> _INSTRUCTIONS TO FOLLOW_
Produce a faithful copy of every record below, without the pictures.

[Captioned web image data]
§ §

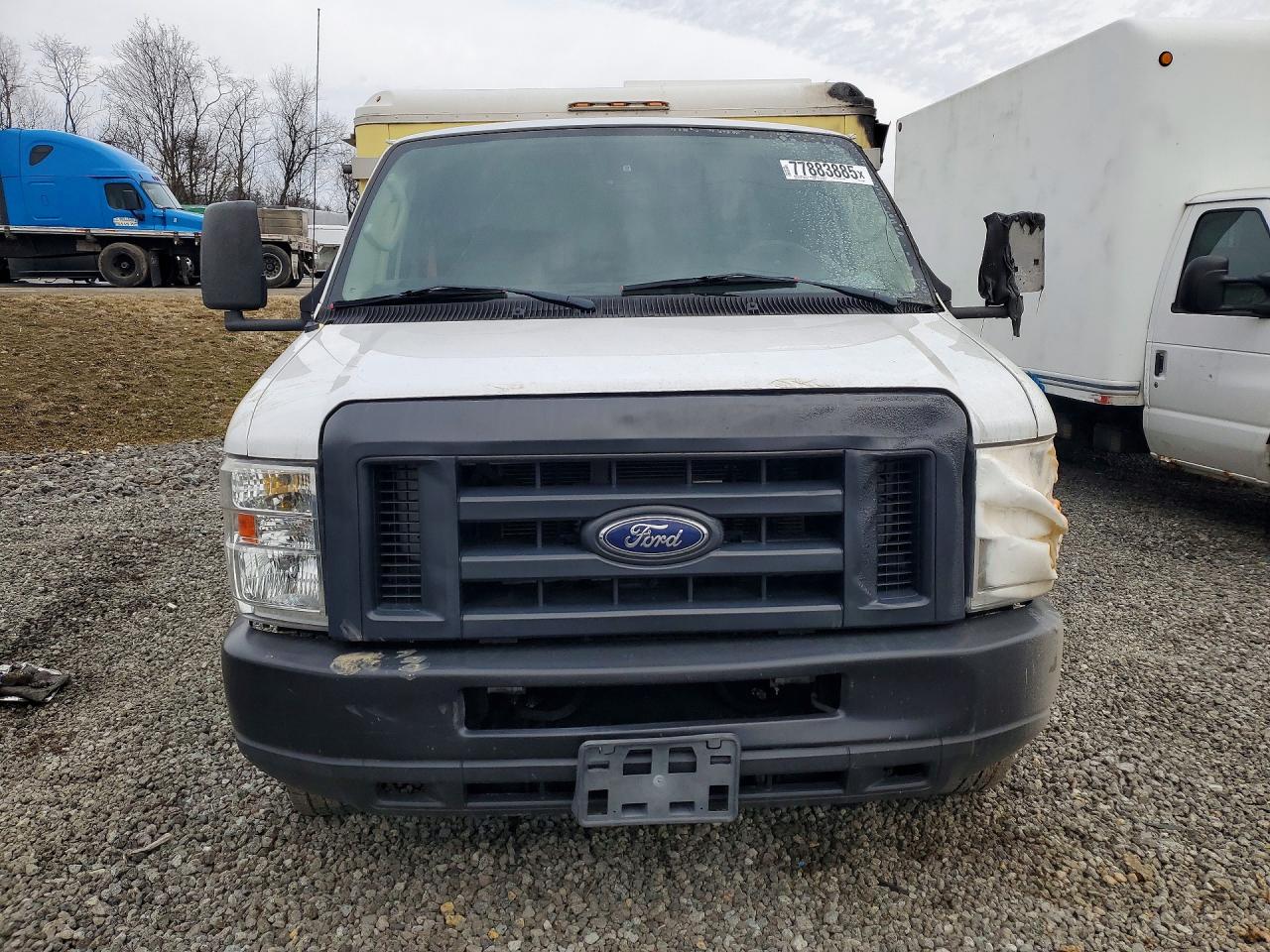 2018 Ford Econoline VIN 1FDXE4FS0JDC33222 photo 5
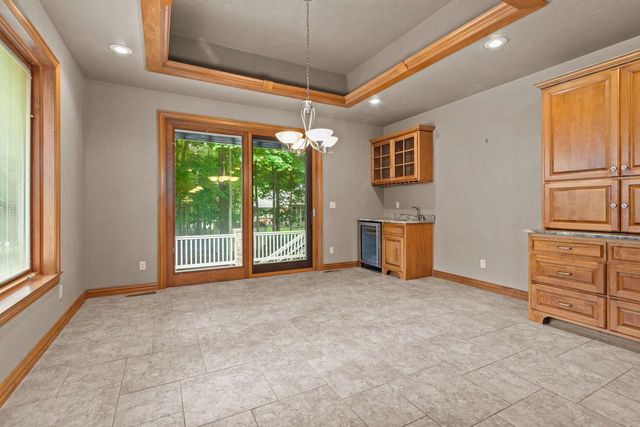 448 HARVEST ROAD, Green Bay, WI 54302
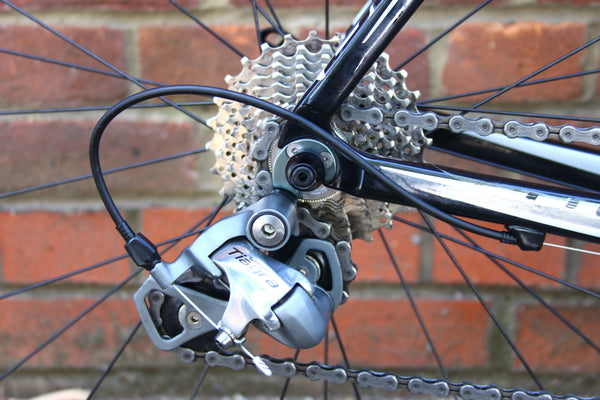 Giant Defy Road Bike (Medium)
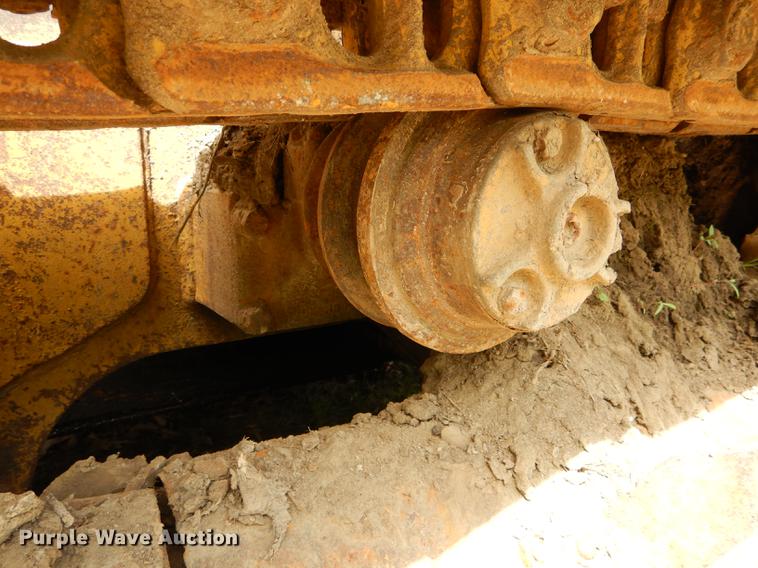 image for item DE8381 Caterpillar 951C track loader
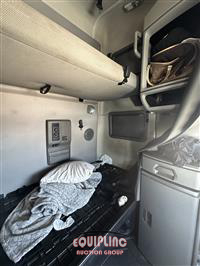 2019 Volvo VNL760 6X4 T/A SLEEPER TRUCK T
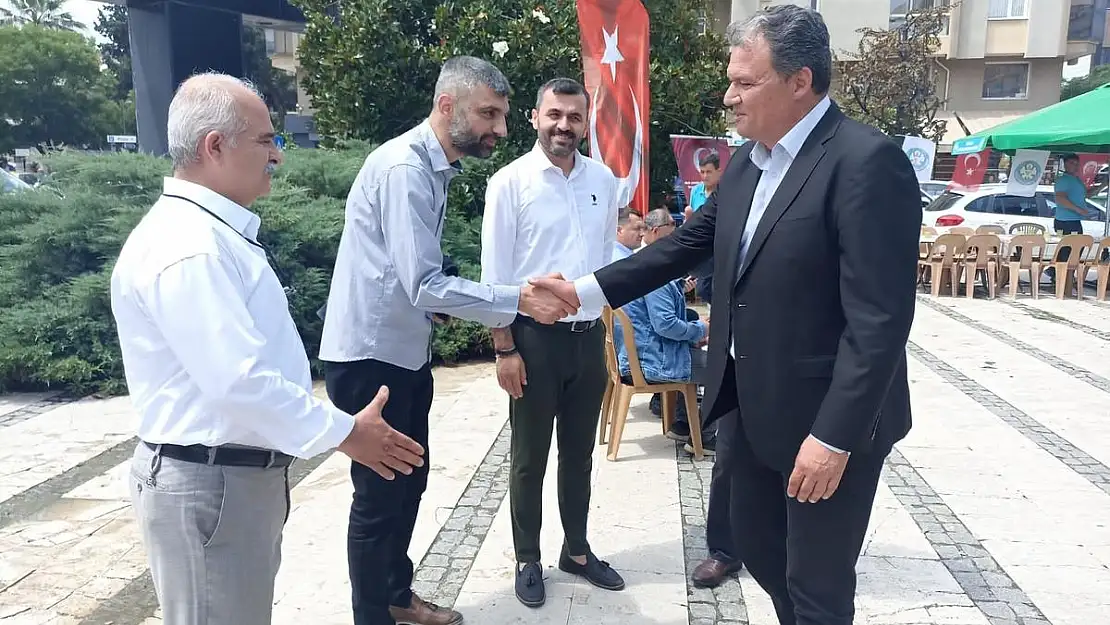 Salihli’de şehitler yıl dönümünde rahmetle anıldılar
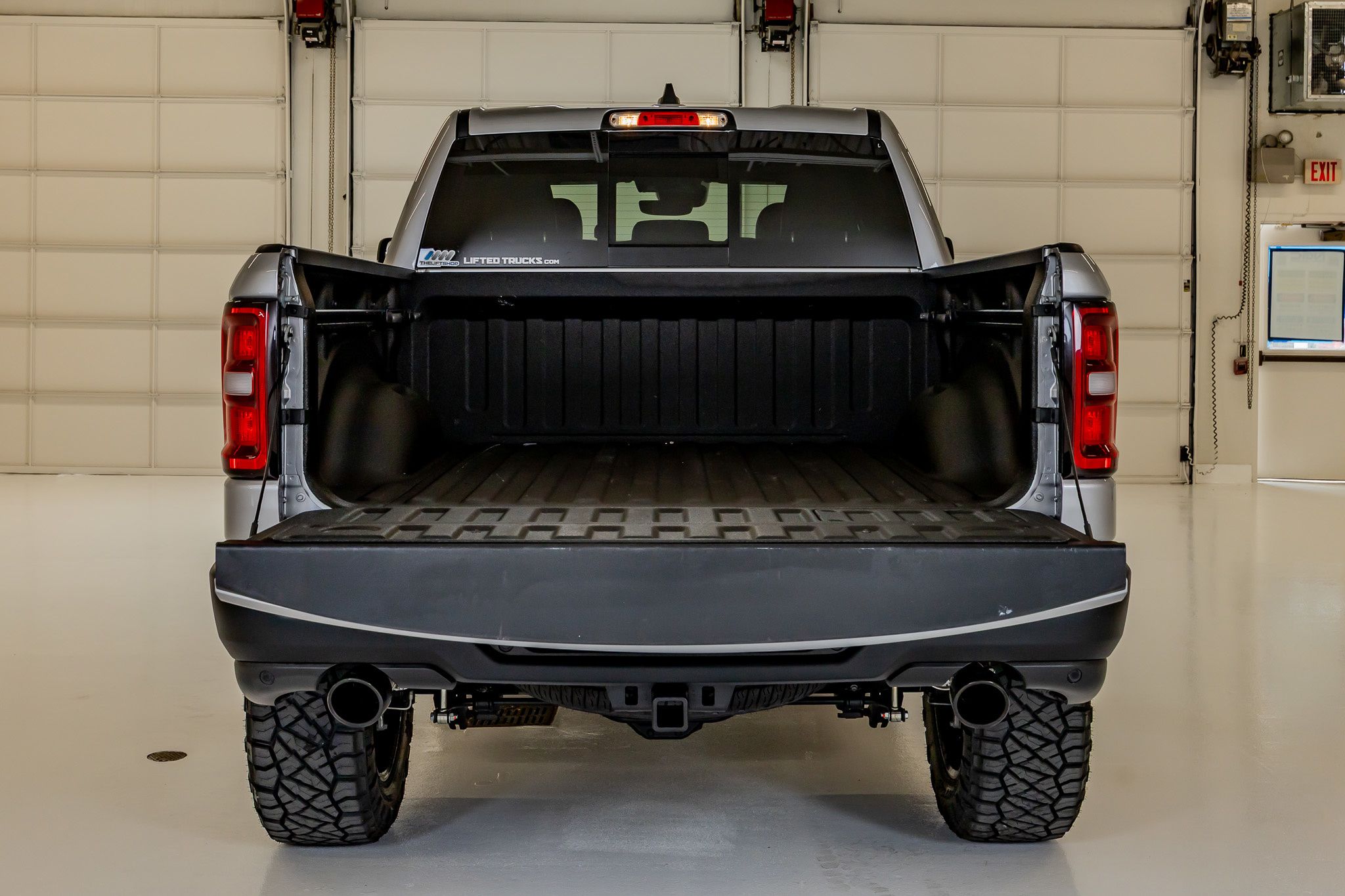 2025 RAM Ram 1500 Pickup Rebel - Photo 9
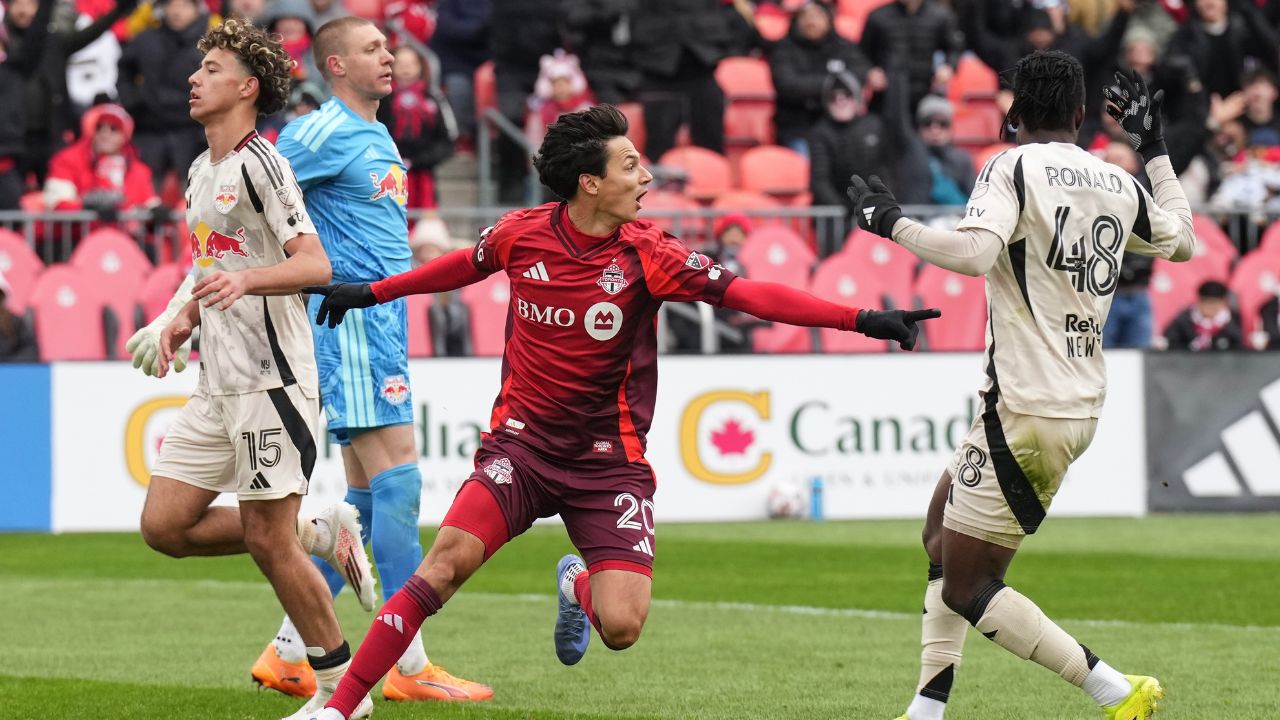 Crushing last-minute goal costs TFC win in home-opening draw with Red Bulls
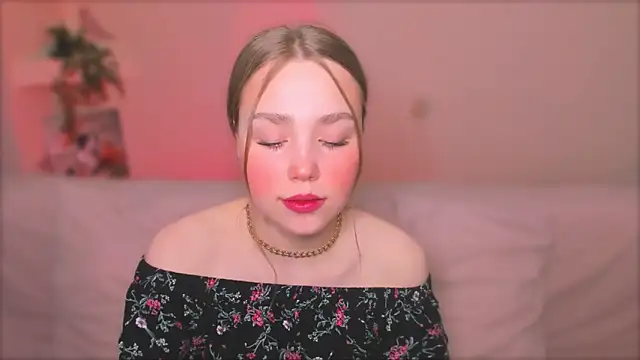 YourMegan online show from 05-04-26, 05:42
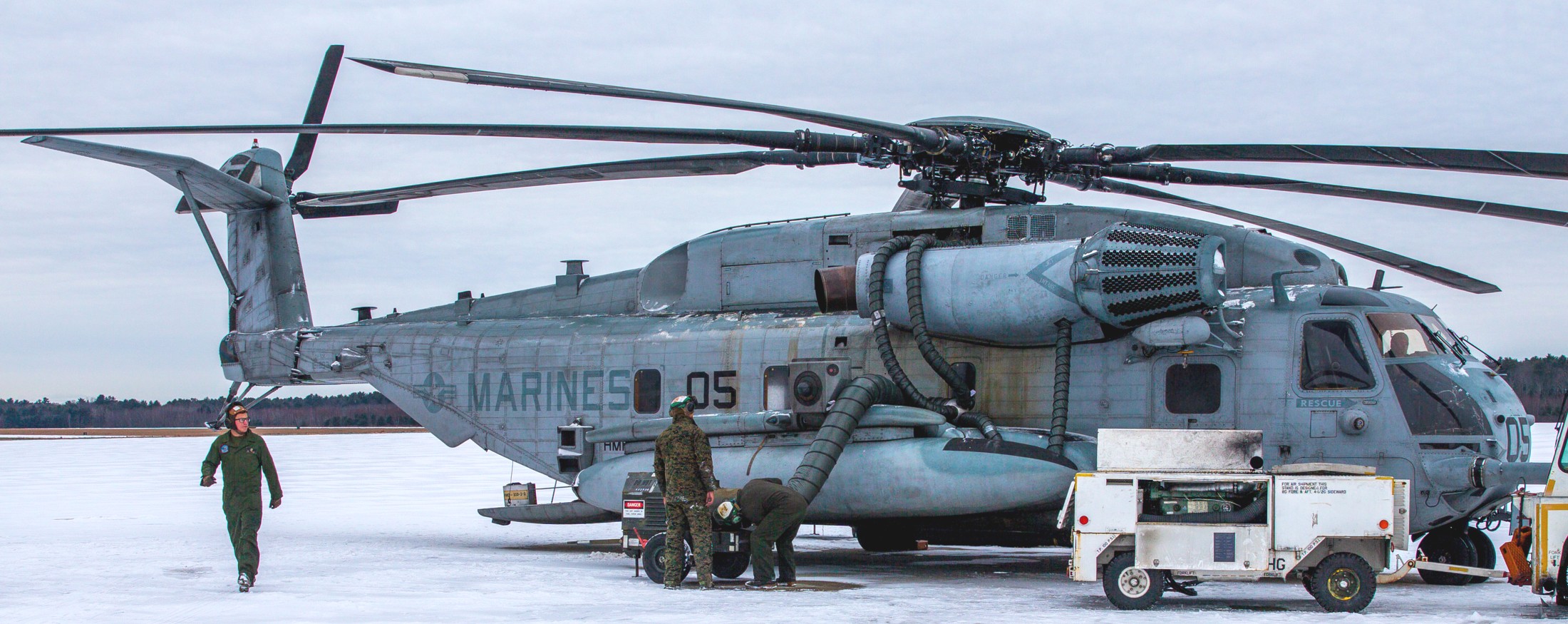 hmh-366 hammerheads ch-53e super stallion marine heavy helicopter squadron usmc 151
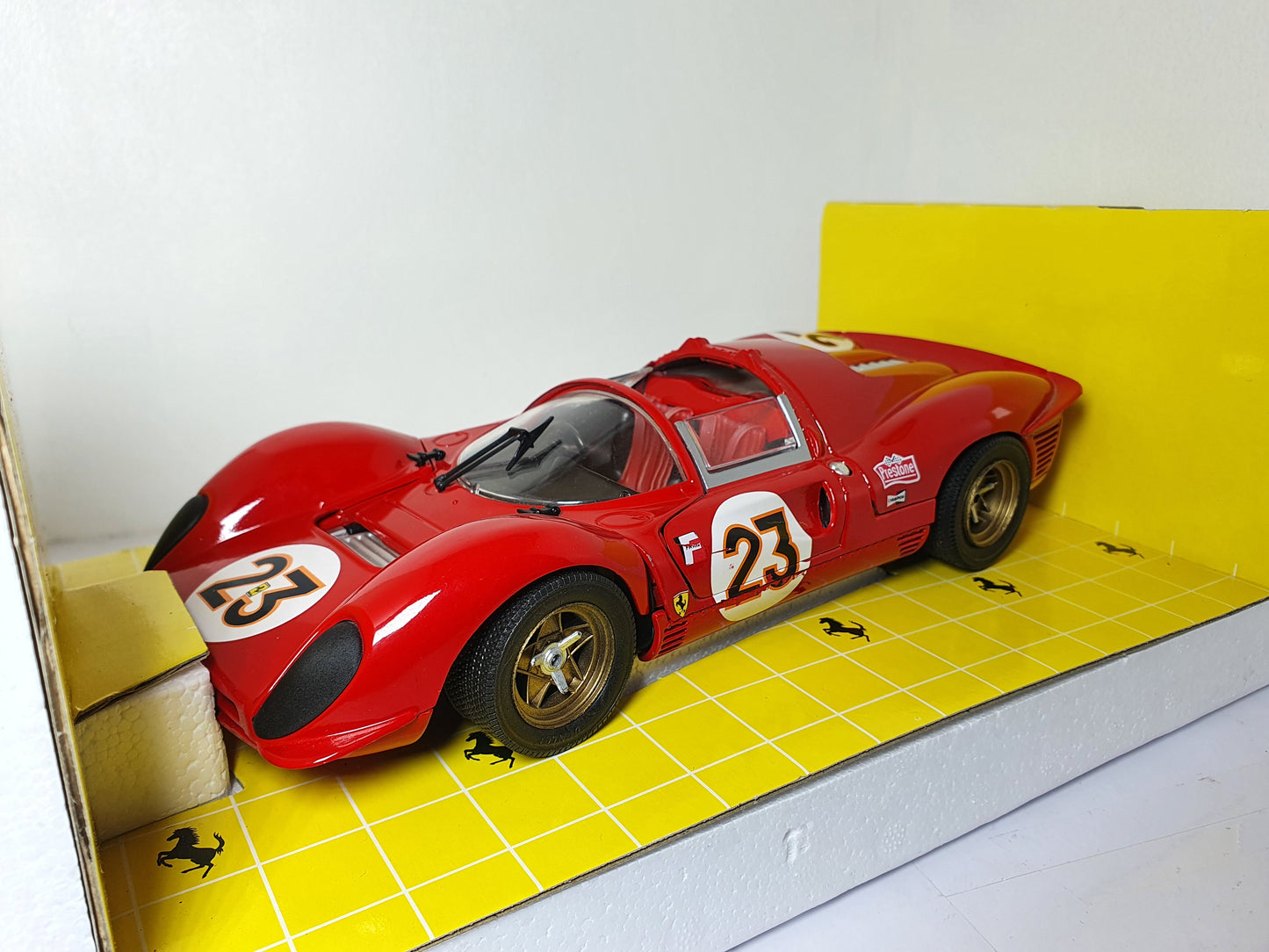 1:18 Ferrari 330 P4 LM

§ §

> _OUTPUT_
 2018 Ford Econoline VIN 1FDXE4FS0JDC33222 photo 5
 448 HARVEST ROAD, Green Bay, WI 54302
 Giant Defy Road Bike (Medium)
 image for item DE8381 Caterpillar 951C track loader
 2019 Volvo VNL760 6X4 T/A SLEEPER TRUCK T
 Salihli’de şehitler yıl dönümünde rahmetle anıldılar
 2025 RAM Ram 1500 Pickup Rebel - Photo 9
 Crushing last-minute goal costs TFC win in home-opening draw with Red Bulls
 YourMegan online show from 05-04-26, 05:42
 hmh-366 hammerheads ch-53e super stallion marine heavy helicopter squadron usmc 151
 1:18 Ferrari 330 P4 LM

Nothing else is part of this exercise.